I began scraping on June 26th and August 24th makes 60 days worth of data.
Thanks to my recent post, we know classic rock songs average 4:48 in length. There are 86,400 minutes in 60 days. That would be enough time for 18,000 songs. If we assume only 75% of the time is actually music that's 13,500 songs. During these 60 days WMGK played 14,286 songs.
I won't speculate about what this means about the actual percentage of music on the air. Slight changes in average song length have a big effect on numbers.
So, now it is time for the interesting questions. How many of those were unique songs? How many songs would be needed to represent 25% or 75% coverage?
In case it isn't clear what I mean by coverage, I mean how many songs represent 10% (or whatever) of the total songs played. For example, if a station played 1 song 10 times, and then 10 other songs 1 time each, for a total of 20 plays, that 1 top song would give 50% coverage.
So, without further ado here are the stats:
924 unique plays out of 14,286 means about 6.5% of songs were being played for the first time in 60 days. Honestly, that's not bad. However, the 50% and 75% coverages are awful. I have 30k unique songs in my playlist, and that's not even particularly impressive. Admittedly, they aren't all one genre, but Led Zeppelin has 86 studio songs, all of which would be suitable for a classic rock station.
The key take away is that there are about 300 to 350 songs that get played at least every other day. Then, they occasionally toss in a deep cut. There is no middle ground; either a song is played every other day, or once every few months. I made some (read: over 100) graphs that illustrate this, but for now let's stick to tables.
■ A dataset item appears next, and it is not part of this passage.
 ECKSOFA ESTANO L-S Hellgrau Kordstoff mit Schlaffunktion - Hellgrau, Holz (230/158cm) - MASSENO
Want to guess what the most popular bands or songs are?
|Plays per 30 days||Band||Song|
|27.5||Warren Zevon||Werewolves Of London|
|27||Cars||Just What I Needed|
|27||Blue Oyster Cult||Burnin' For You|
|27||Steve Miller Band||Rock 'n Me|
|26.5||Supertramp||The Logical Song|
|26.5||Pink Floyd||Another Brick In The Wall|
|26.5||Electric Light Orchestra||Do Ya|
|26||J. Geils Band||Centerfold|
|Plays per 30 days||Band|
|135.5||Tom Petty And The Heartbreaker|
|135.5||Steve Miller Band|
|135||Electric Light Orchestra|
|105.5||Creedence Clearwater Revival|
I would not have guessed most of those top songs. Note how much higher the top three bands are than the rest; there is a second smaller drop off after Foreigner. Also interesting is that none of the top three bands have a top 10 song. I would have also guessed Beatles to be the top band.
Let's start looking at the graphs.
Here we have two graphs of bands. The first is limited to the top 50 and has labels. The second is all bands, and without labels, just showing the general trend.
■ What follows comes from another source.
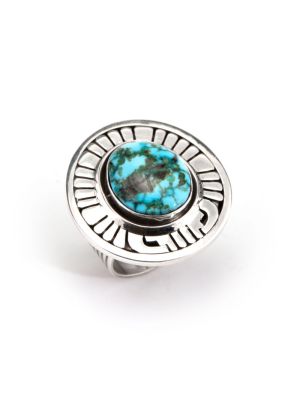 TURQUOISE & SILVER RING BY LEONARD NEZ (NAVAJO)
These next two graphs really show the tendency to play the same songs. The first shows how many songs were played various number of times in 60 days. There are three clusters. First, songs that were played once or twice. Then there is a wasteland from 11 to 26 plays in 60 days. After that, there is the main group of songs that are played every other day. That tapers off, and leads to the last group of songs which are played almost every day. Keep in mind that the number of plays compounds the number of songs in that group. 20 songs each played 35 times is a lot more plays than 200 songs played once.
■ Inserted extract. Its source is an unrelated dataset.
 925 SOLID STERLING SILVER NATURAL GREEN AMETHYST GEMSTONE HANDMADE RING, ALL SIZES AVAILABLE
The last general WMGK graph is this one that shows the average daily plays in a given hour of the day. It shows there is a drop off in the morning hours from 5am - 8am. The night hours of 12am - 4am are the highest. It's interesting that there is a clear rise at midnight. I don't think WMGK has a morning show, so I'm not sure why there is the drop off. At first I thought they increased ads during peak commuting hours, but there is no drop off in the evening. My guess is they must provide short news and traffic conditions during those hours.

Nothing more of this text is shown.